◆ What needs to be done ◆
Retype exactly the span of lines below from the one with "The Maybelline cosmetics" through the one with "So without any". Do not include pictures.

====== Recorded data

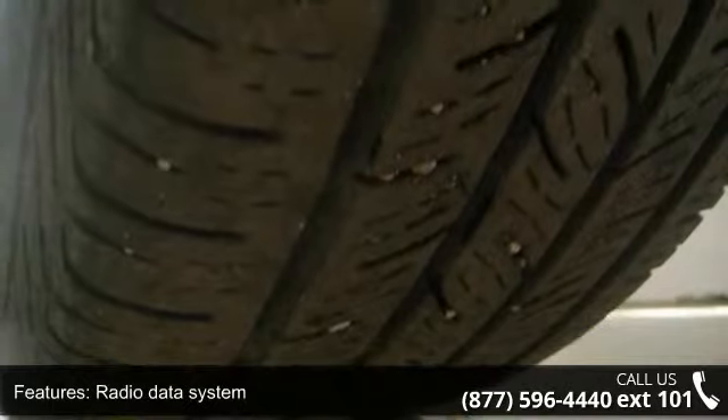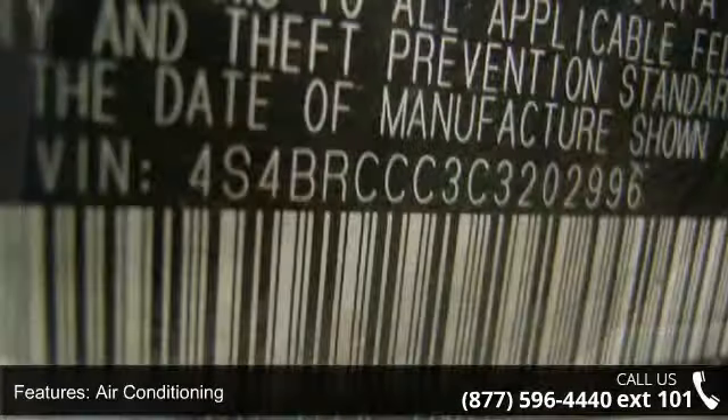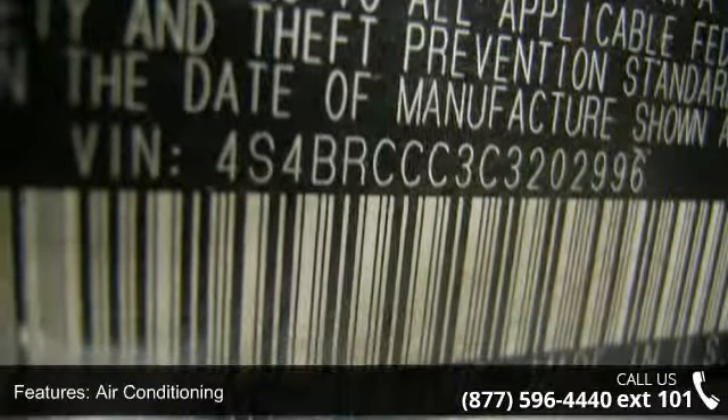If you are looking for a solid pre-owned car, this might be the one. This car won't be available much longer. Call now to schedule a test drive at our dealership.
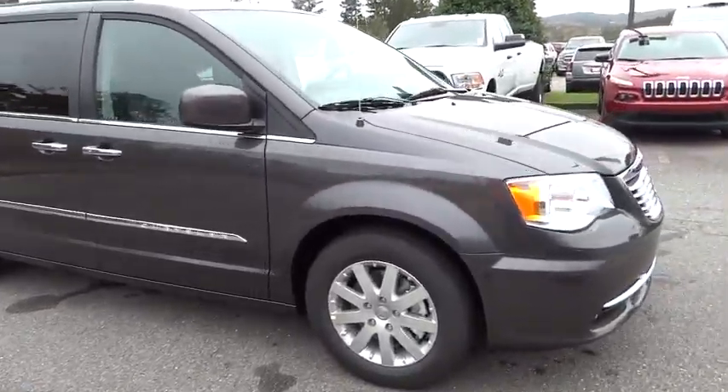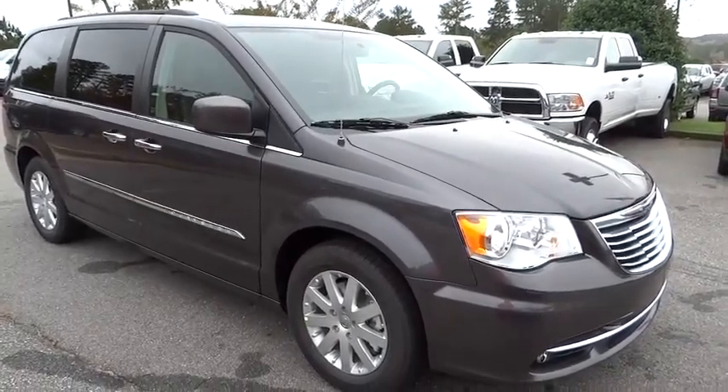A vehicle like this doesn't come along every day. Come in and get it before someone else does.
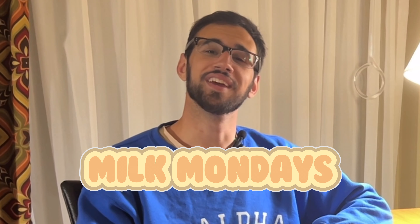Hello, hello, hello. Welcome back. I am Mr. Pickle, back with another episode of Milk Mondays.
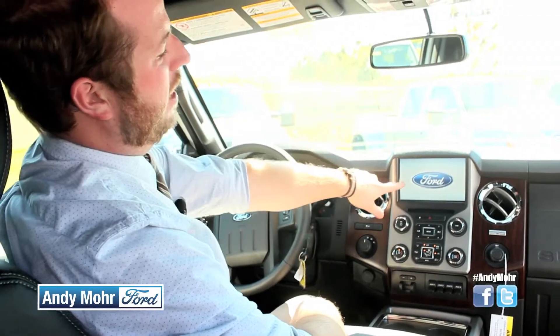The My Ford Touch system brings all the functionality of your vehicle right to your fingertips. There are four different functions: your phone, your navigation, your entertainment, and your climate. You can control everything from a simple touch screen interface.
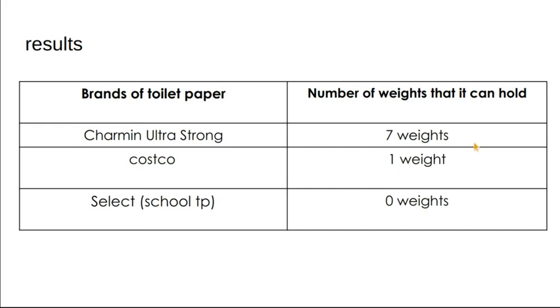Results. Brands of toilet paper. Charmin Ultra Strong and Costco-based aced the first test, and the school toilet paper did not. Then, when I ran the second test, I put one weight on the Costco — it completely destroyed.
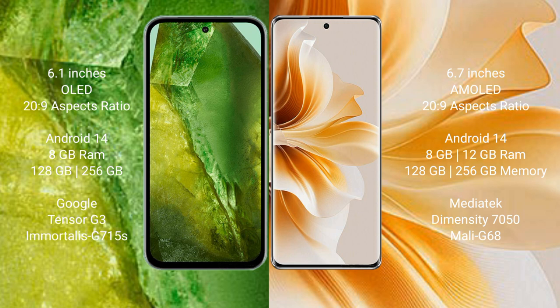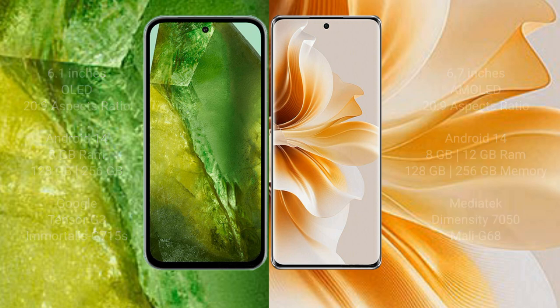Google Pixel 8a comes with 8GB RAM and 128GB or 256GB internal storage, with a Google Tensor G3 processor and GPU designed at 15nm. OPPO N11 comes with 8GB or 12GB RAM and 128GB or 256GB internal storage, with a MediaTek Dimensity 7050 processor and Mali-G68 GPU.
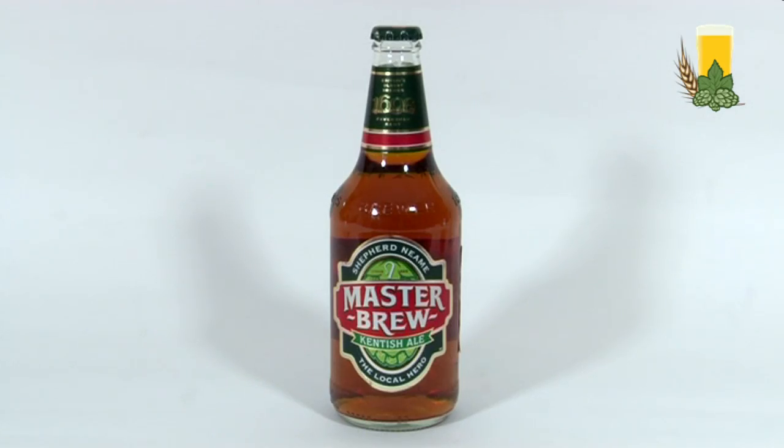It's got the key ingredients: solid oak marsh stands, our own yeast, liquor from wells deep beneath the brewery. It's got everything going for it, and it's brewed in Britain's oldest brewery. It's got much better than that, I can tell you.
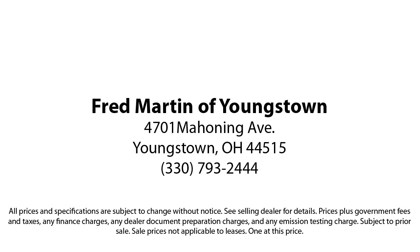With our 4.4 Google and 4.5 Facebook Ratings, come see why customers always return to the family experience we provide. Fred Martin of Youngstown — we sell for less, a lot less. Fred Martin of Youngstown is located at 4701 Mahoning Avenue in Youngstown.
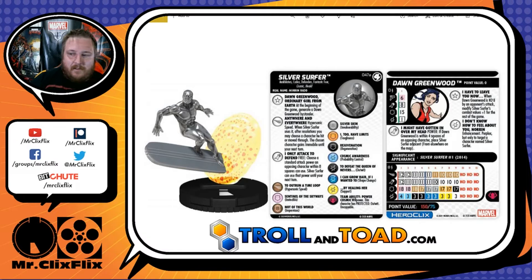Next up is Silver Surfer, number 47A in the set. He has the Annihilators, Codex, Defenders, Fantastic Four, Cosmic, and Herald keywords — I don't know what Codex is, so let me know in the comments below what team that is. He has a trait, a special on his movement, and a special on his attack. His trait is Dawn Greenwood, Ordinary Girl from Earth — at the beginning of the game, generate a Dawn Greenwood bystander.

============
====== Recorded data

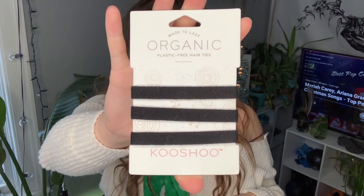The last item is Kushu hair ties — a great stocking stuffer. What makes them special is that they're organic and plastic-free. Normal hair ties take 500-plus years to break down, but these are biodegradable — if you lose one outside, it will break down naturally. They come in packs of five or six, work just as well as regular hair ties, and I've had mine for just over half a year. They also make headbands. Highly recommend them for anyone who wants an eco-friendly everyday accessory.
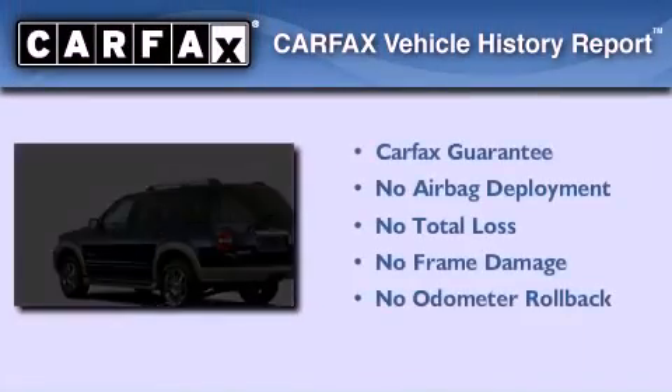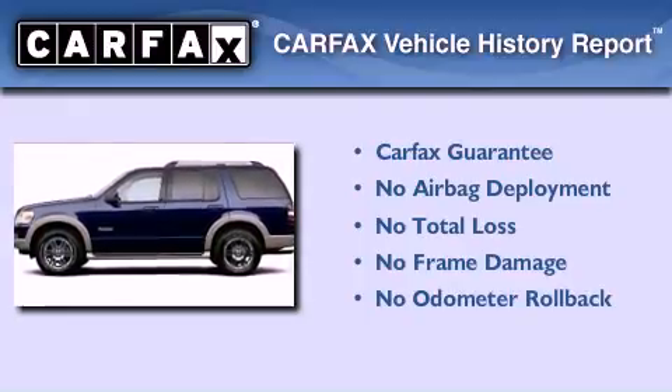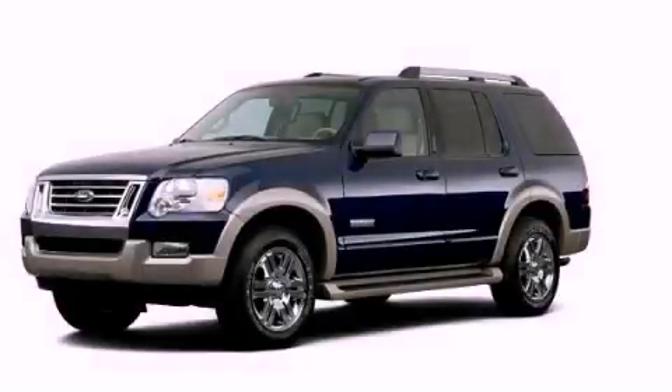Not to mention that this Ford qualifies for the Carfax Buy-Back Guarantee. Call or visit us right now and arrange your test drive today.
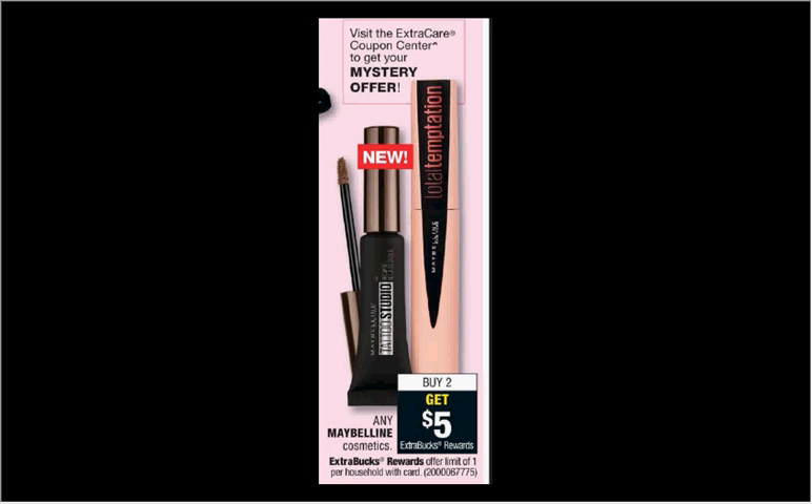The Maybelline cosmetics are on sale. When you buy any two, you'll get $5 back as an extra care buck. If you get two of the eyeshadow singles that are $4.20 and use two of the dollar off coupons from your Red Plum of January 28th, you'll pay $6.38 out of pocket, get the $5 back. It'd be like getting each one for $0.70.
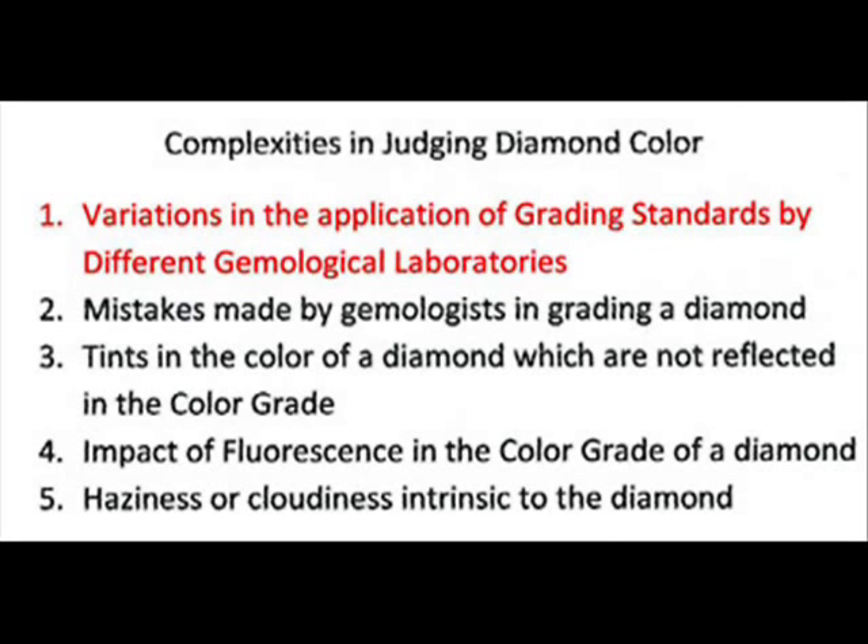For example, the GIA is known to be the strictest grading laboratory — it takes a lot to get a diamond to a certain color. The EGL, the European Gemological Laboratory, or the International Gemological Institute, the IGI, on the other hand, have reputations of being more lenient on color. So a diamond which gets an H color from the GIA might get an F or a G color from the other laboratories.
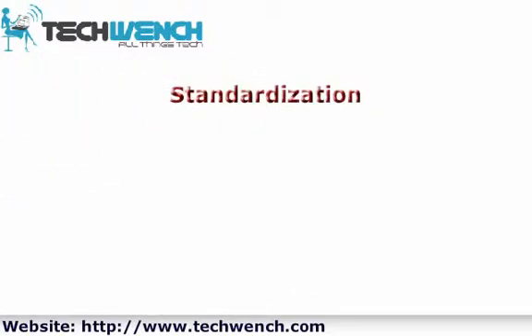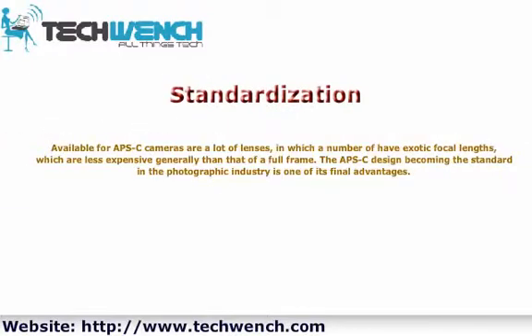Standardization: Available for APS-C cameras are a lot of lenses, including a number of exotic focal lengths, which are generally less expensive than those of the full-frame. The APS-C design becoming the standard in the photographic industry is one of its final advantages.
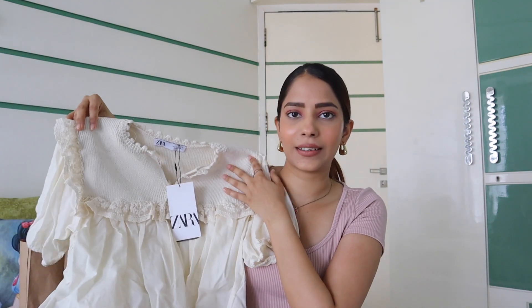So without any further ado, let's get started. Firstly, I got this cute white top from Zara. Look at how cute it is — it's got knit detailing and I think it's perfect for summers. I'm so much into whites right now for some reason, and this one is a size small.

============
====== Recorded data

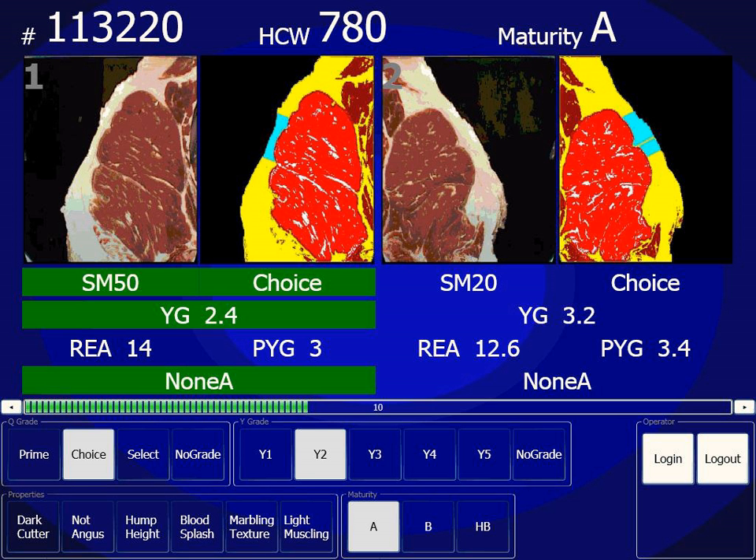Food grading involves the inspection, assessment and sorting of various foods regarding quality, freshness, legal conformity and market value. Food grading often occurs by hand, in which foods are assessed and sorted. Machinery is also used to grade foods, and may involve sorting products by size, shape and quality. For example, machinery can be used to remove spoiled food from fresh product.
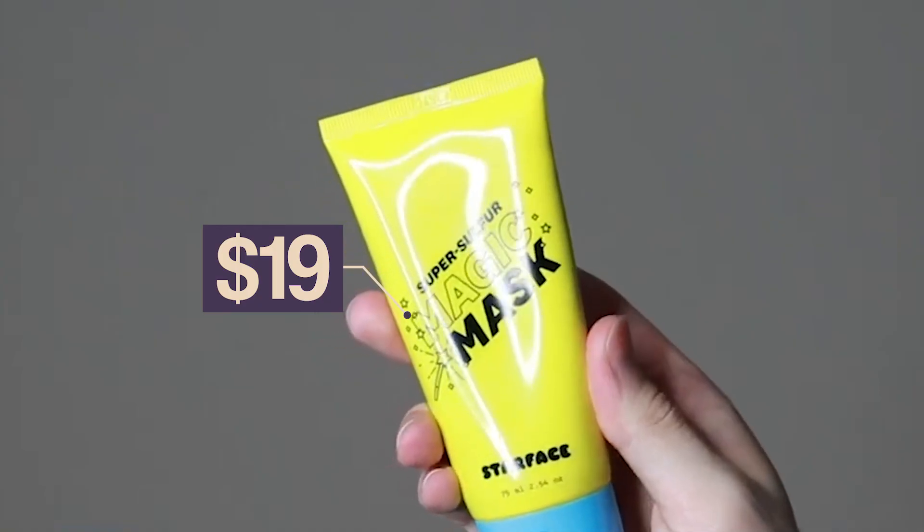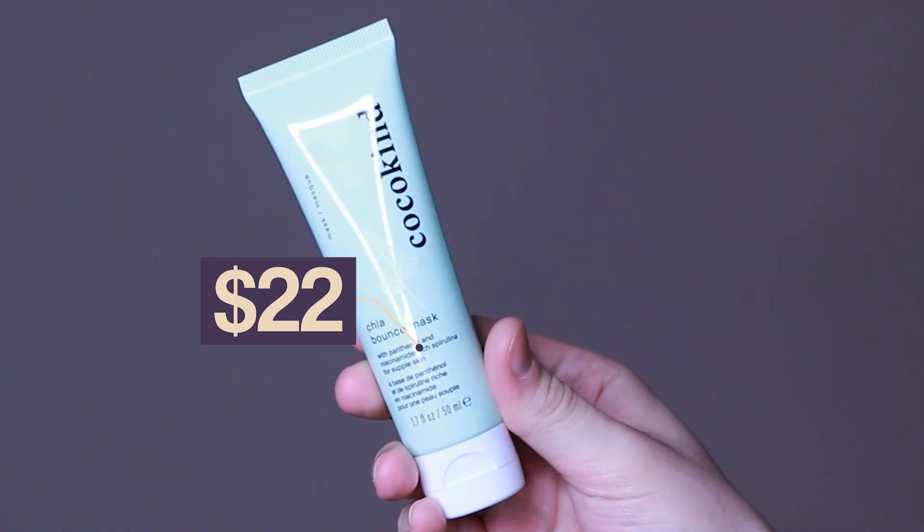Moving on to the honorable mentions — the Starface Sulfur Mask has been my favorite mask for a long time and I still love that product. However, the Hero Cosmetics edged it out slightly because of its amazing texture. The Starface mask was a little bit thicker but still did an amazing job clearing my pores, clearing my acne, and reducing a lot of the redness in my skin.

============

◆ The answer ◆
The Maybelline cosmetics are on sale. When you buy any two, you'll get $5 back as an extra care buck. If you get two of the eyeshadow singles that are $4.20 and use two of the dollar off coupons from your Red Plum of January 28th, you'll pay $6.38 out of pocket, get the $5 back. It'd be like getting each one for $0.70.
For example, the GIA is known to be the strictest grading laboratory — it takes a lot to get a diamond to a certain color. The EGL, the European Gemological Laboratory, or the International Gemological Institute, the IGI, on the other hand, have reputations of being more lenient on color. So a diamond which gets an H color from the GIA might get an F or a G color from the other laboratories.
Standardization: Available for APS-C cameras are a lot of lenses, including a number of exotic focal lengths, which are generally less expensive than those of the full-frame. The APS-C design becoming the standard in the photographic industry is one of its final advantages.
So without any further ado, let's get started. Firstly, I got this cute white top from Zara. Look at how cute it is — it's got knit detailing and I think it's perfect for summers. I'm so much into whites right now for some reason, and this one is a size small.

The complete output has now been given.